[PATCH net-next v2 2/4] net: call getsockopt_iter if available

Breno Leitao posted 4 patches 4 hours ago
[PATCH net-next v2 2/4] net: call getsockopt_iter if available
Posted by Breno Leitao 4 hours ago
Update do_sock_getsockopt() to use the new getsockopt_iter callback
when available. Add do_sock_getsockopt_iter() helper that:

1. Reads optlen from user/kernel space
2. Initializes a sockopt_t with the appropriate iov_iter (kvec for
   kernel, ubuf for user buffers) and sets opt.optlen
3. Calls the protocol's getsockopt_iter callback
4. Writes opt.optlen back to user/kernel space

The optlen is always written back, even on failure. Some protocols
(e.g.
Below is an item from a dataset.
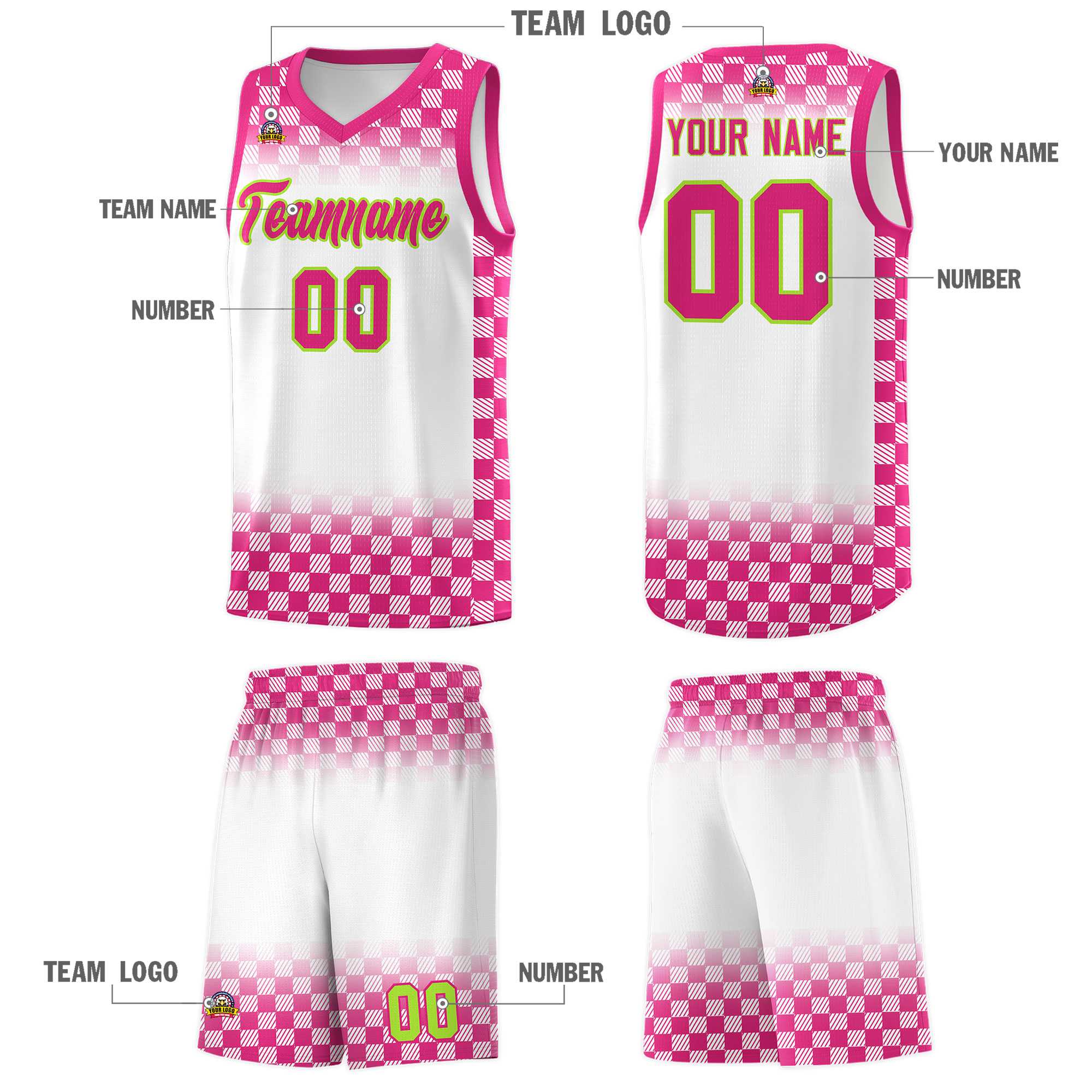 Custom White Pink Classic Plaid Pattern Sports Uniform Basketball Jersey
CAN raw) return -ERANGE and set optlen to the required buffer
size so userspace knows how much to allocate.

The callback is responsible for setting opt.optlen to indicate the
returned data size.

Signed-off-by: Breno Leitao <leitao@debian.org>
---
 net/socket.c | 48 +++++++++++++++++++++++++++++++++++++++++++++---
 1 file changed, 45 insertions(+), 3 deletions(-)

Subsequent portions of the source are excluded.